Efficient and robust chiral discrimination by invariant-based inverse engineering

TL;DR

This paper introduces a precise and robust method using invariant-based inverse engineering to achieve perfect discrimination of chiral molecules, outperforming existing schemes in accuracy and error resilience.

Contribution

The authors develop a new pulse design approach based on Lewis-Riesenfeld invariants for chiral discrimination, enhancing robustness and accuracy over previous methods.

Findings

Achieves 100% discrimination accuracy for chiral molecules.

Demonstrates improved robustness against errors compared to other schemes.

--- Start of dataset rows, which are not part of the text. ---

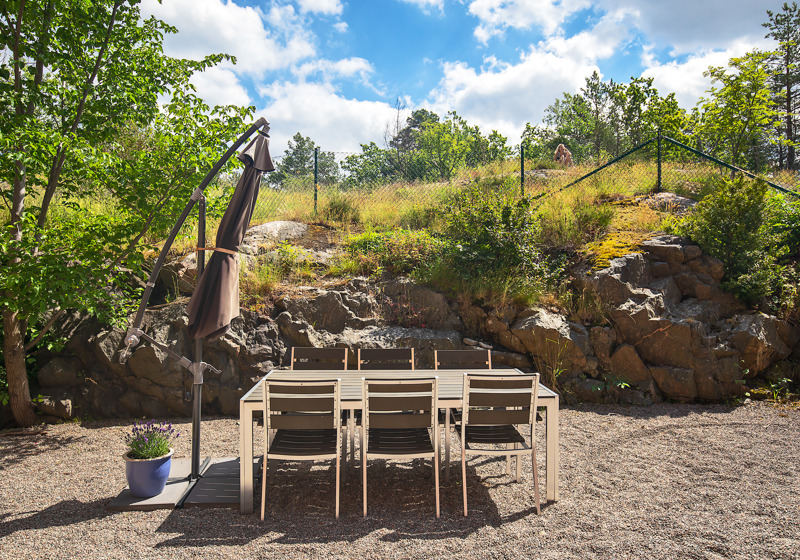 home swap in Stockholm, Sweden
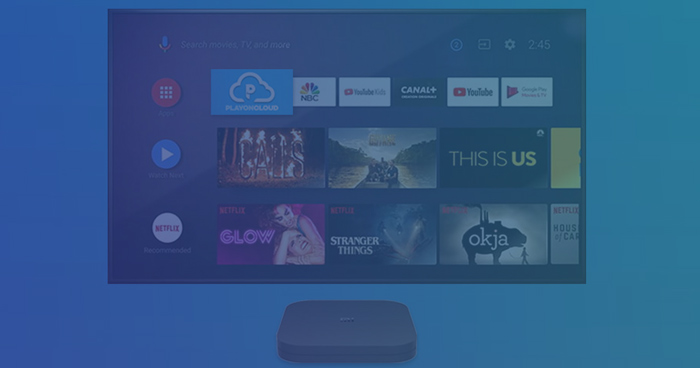 PlayOn Cloud for Android TV is the whole-home DVR solution you need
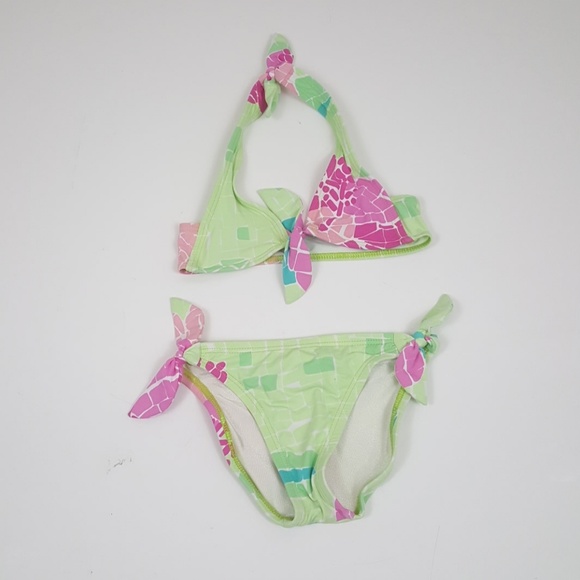 Lilly Pulitzer swim wear - Picture 1 of 4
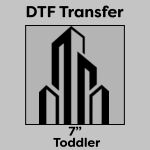 DTF Transfer 7" Thumbnail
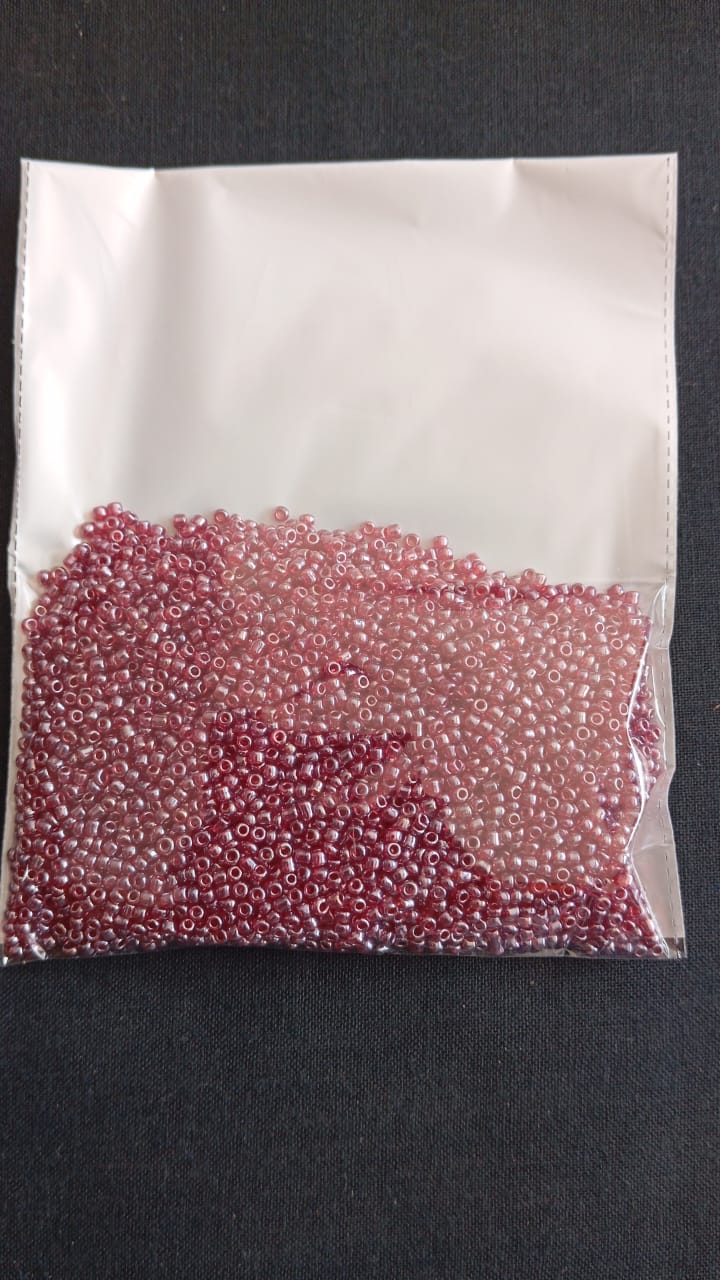 Sugar Beads - B3B110105D-2
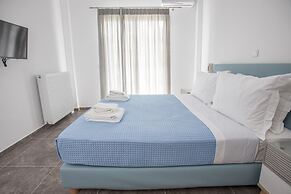 Raise Kifisias Serviced Apartments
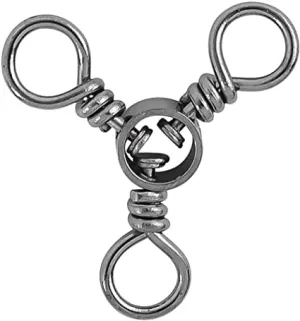 FISHING 3WAY SWIVEL
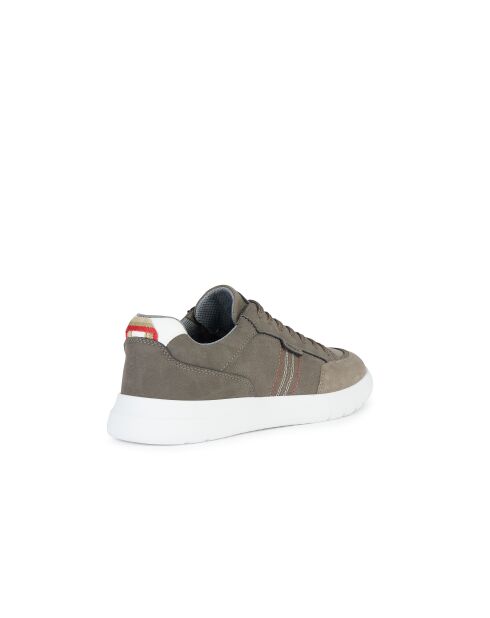 Merediano taupe sneakers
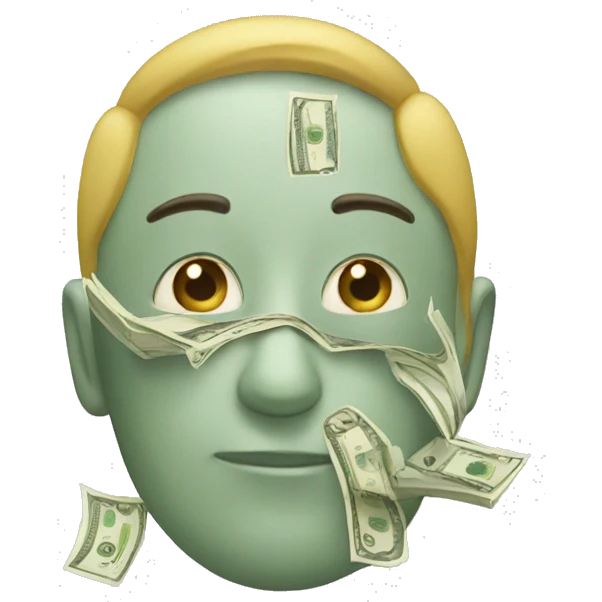 money  emoji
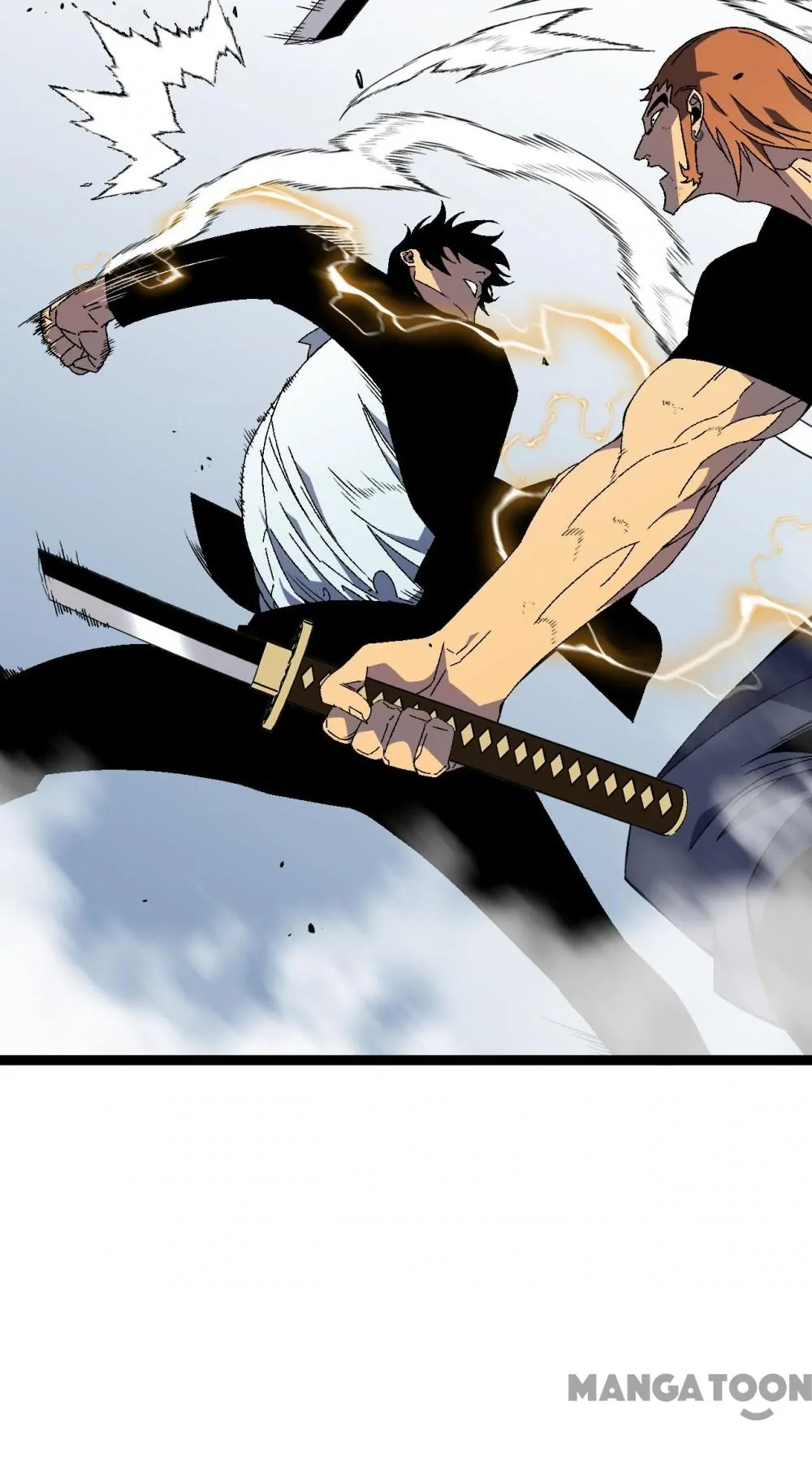 Read Your Talent Is Mine EN Manga Online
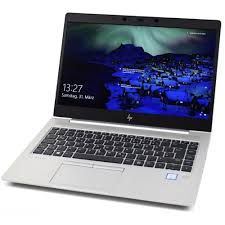 USED HP ELITE BOOK 840 G5 I5 8GEN RAM 8GB, 256GB SSD TOUCH PANEL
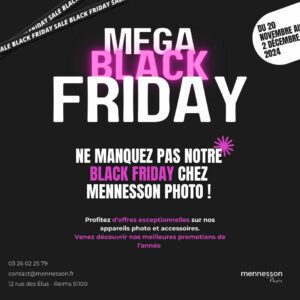 Black Friday offres exceptionnelles 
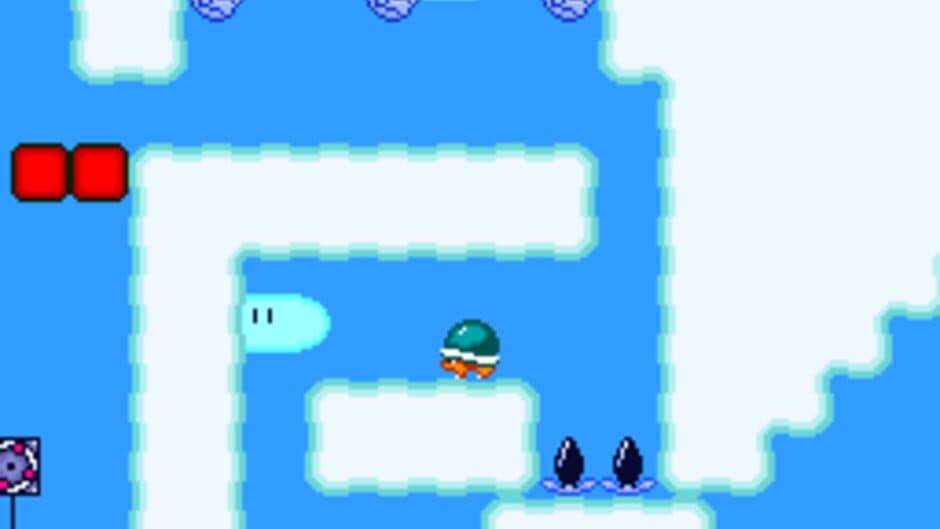 Buzzy's World Tour screenshot 2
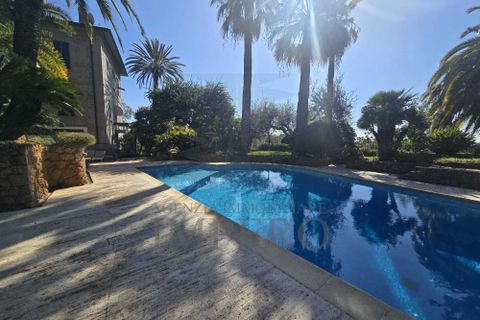 Byhus i Bordighera, Imperia, Bordighera - € 3.200.000 | Ref: 22734 - foto 13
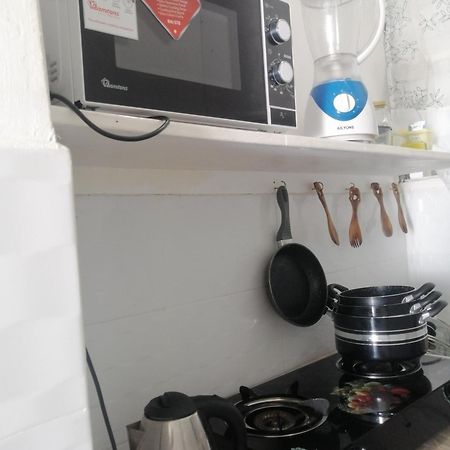 Neighbourly Nest Διαμέρισμα Μομπάσα Δωμάτιο φωτογραφία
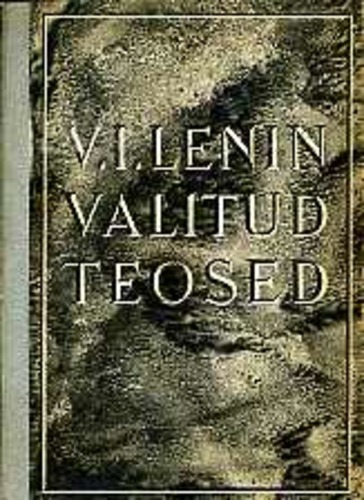 V.I. Lenin Valitud teosed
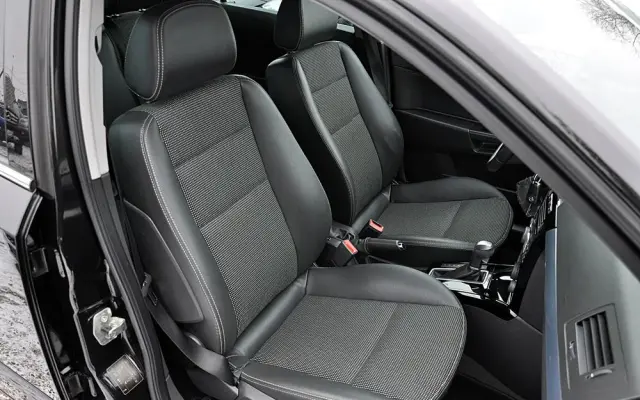 OPEL Astra 1.8 Automatik Cosmo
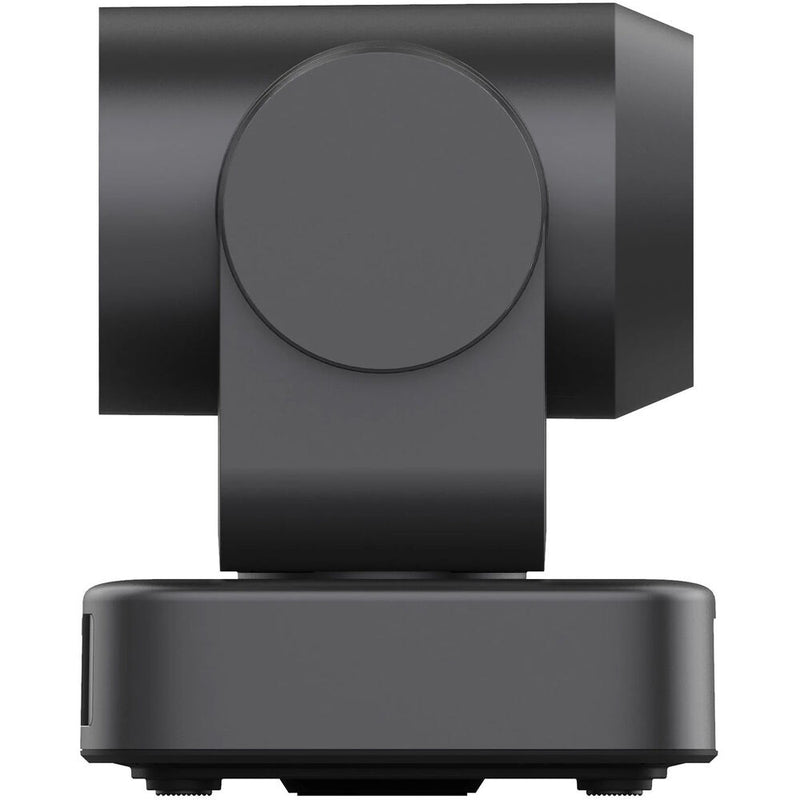 DVDO Full HD PTZ Camera with 10x Optical Zoom & USB 2.0 (Black)
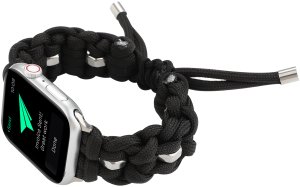 ORYGINALNY ZAMIENNY WYMIENNY PASEK OPASKA BRANSOLETA YIVO DO ZEGARKA SMARTWATCH APPLE WATCH 1 2 3 4 5 6 7 8 9 10 11 SE ULTRA 2 3 42MM 44MM 45MM 46MM 49MM 5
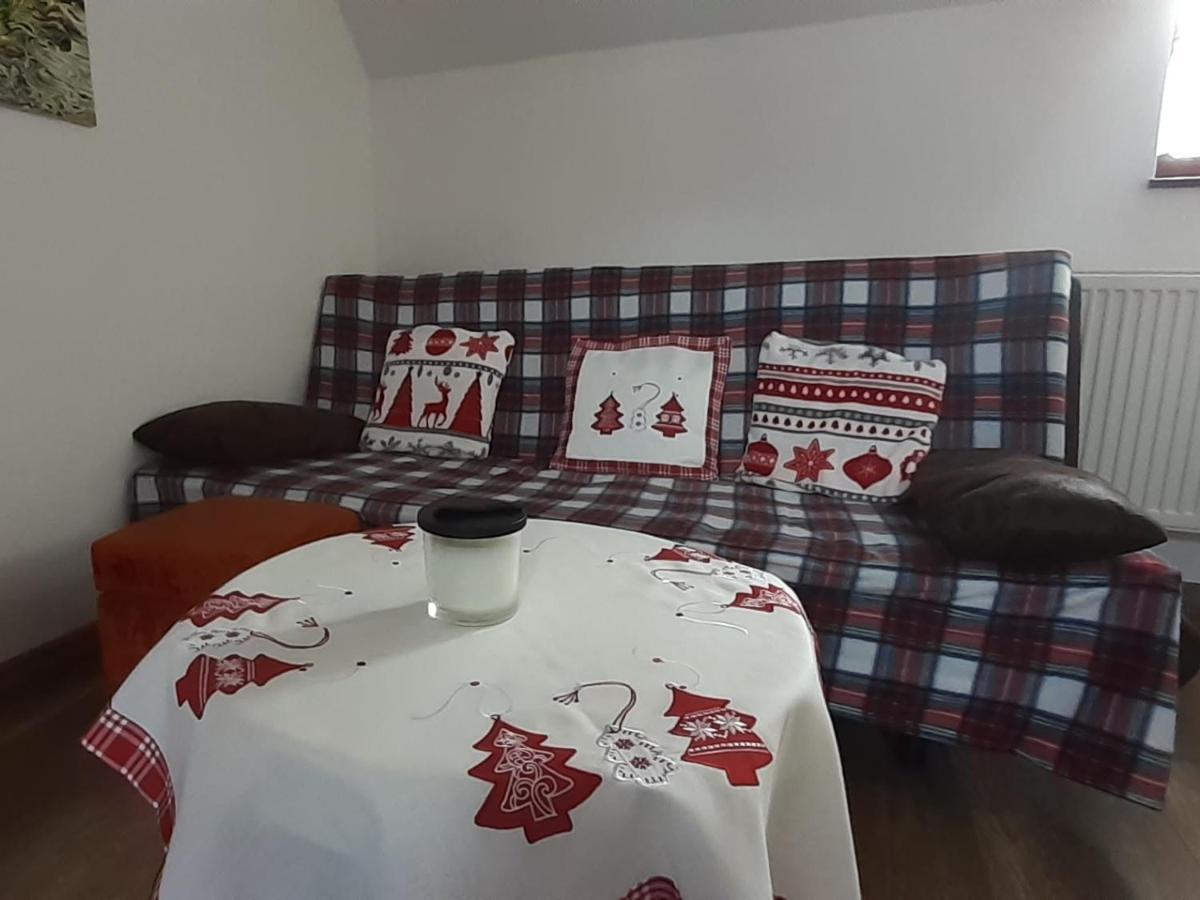 Domcek Apartment Tatranska Lomnica Ngoại thất bức ảnh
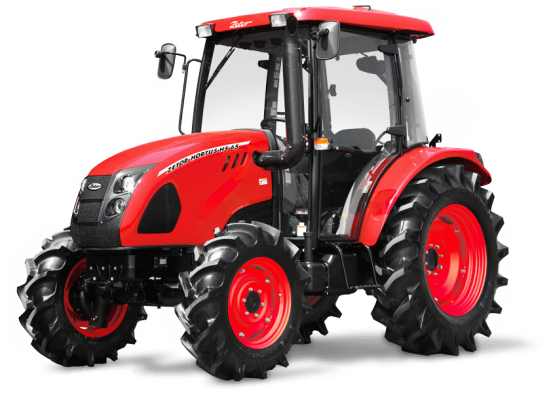 Zetor HORTUS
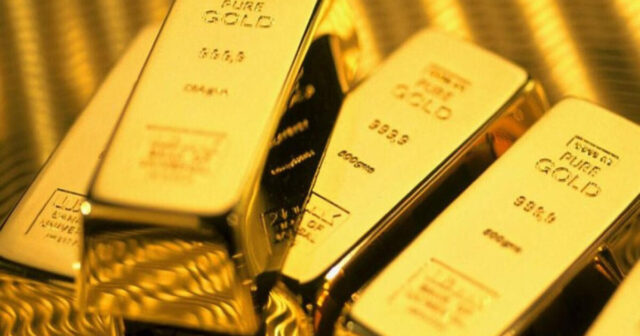 Qızıl rekord həddə yaxınlaşır Qızıl rekord həddə yaxınlaşır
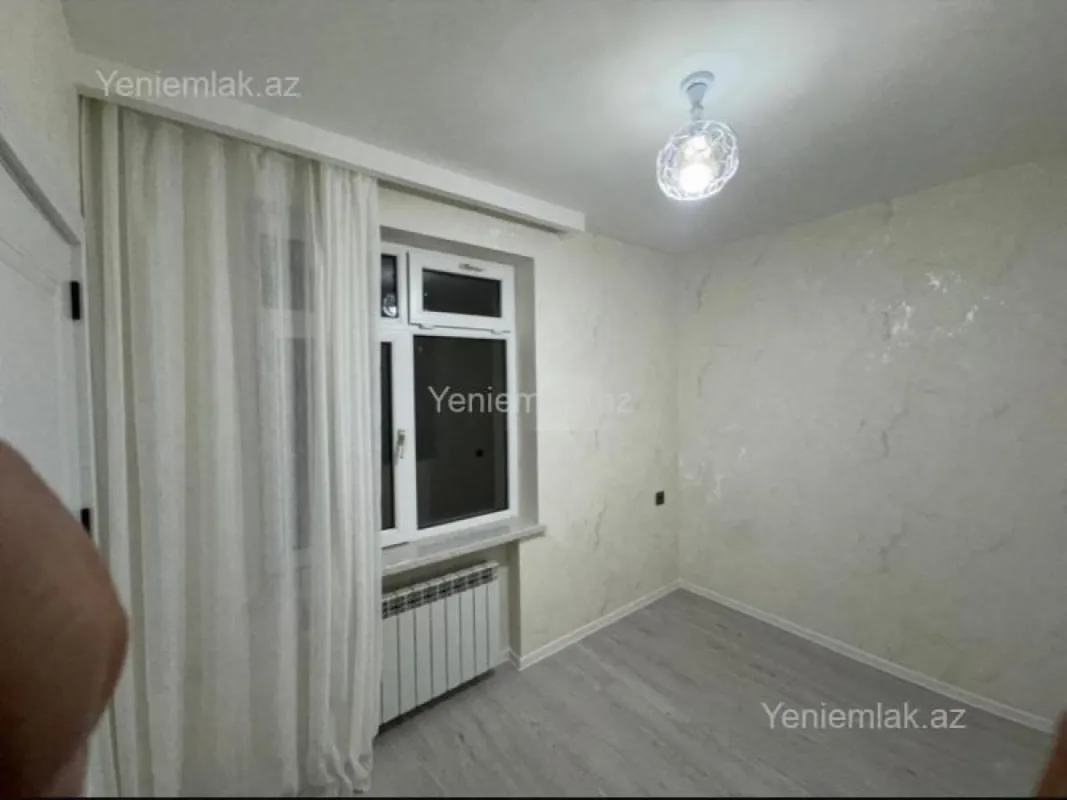 Satılır 3 otaqlı köhnə tikili 68 m²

Provides a practical and efficient method for molecular handedness identification.

Abstract

We propose an accurate and convenient method to achieve 100\% discrimination of chiral molecules with Lewis-Riesenfeld invariant. By reversely designing the pulse scheme of handed resolution, we obtain the parameters of the three-level Hamiltonians to achieve this goal. For the same initial state, we can completely transfer its population to one energy level for left-handed molecules, while transfer it to another energy level for right-handed molecules. Moreover, this method can be further optimized when errors exist, and it shows that the optimal method are more robust against these errors than the counterdiabatic and original invariant-based shortcut schemes. This provides an effective, accurate, and robust method to distinguish the handedness of molecules.